For all of me adolescenceI myself gender-police for my supply sexuality remained hidden. I felt that the more I could blend in, the better my chances would be of being accepted, staying safe, and staying out of hell. I even had my room in a fraternity house, which I had specially joined to hide my gayness, with posters of Heidi Klum on the walls and Playboy magazines that visitors could see.
What I realize now, looking back, is that I was practicing a version of conversion therapy on myself.
One of my clients, a man in his fifties, is still living with the effects of conversion therapy he underwent decades ago. He became religious and attended a religious school, where he was expelled and later expelled. His parents then sent him to conversion therapy. To this day, he gets worrying when he wakes up and feels shame about his sexuality. Throughout his life, he relied on substances to be intimate with another man.
One of the things that conversion therapy does, which is particularly soul-killing, is to rob a person of what they consider their identity to be sacred and honorable. It leaves an unforgettable impression on them self concept.
In August 2025, the American Psychiatric Association (APA) filed an amicus brief in Chiles v. SalazarAmerica joined Psychiatric The association and 12 other major medical and mental health organizations presented the Court with scientific evidence that conversion therapy is ineffective and associated with long-term psychological harm.
After the ruling on March 31, the American Psychiatric Association issued an official statement that conversion therapy is “not a legitimate therapeutic treatment” and leading health institutions concluded that these are “potentially harmful and discredited practices” that are not supported by scientific evidence. APA President Arthur C. Evans Jr., Ph.D., warned that the decision threatens not only the ban on conversion therapy, but the broader authority of state licensing boards to implement best practices for consumer safety and protection. Research from the Trevor Project and the Williams Institute found that LGBTQ youth who underwent conversion therapy were twice as likely to report trying. suicide.
When LGBTQ people grow up without affirming homes, affirming classrooms, or affirming communities, their absence sends the message that who they are must be hidden or changed—which is, in fact, what conversion therapy is trying to do.
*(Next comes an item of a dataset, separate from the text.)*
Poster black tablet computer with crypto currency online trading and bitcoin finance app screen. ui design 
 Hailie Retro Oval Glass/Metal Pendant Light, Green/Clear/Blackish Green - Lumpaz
A therapist friend who creates content specifically for gay men made a video in response to the Supreme Court’s ruling, stressing that just because something is legal doesn’t mean it’s good, especially when it comes to medicine and mental health. Time and time again, we have seen treatments that were once considered good or acceptable turn out to be harmful.
There are many laws across the United States today that are not good. I was born and raised in Tucson, Arizona, and spent my high school years in the closet when ARS 15-716 was in effect, a law that prohibited Arizona schools from “positively portraying homosexuality” or offering any LGBTQ endorsement. education. I often wonder if having an LGBTQ-affirming education when I was in school would have made it easier to accept something I struggled with myself. The Arizona law was only repealed in 2019 and is an example of a law that was neither good nor fair.
Essential Readings in Conversion Therapy
One day, the same will be said about the verdict of the Supreme Court. The question is how many more people will be hurt before they get there.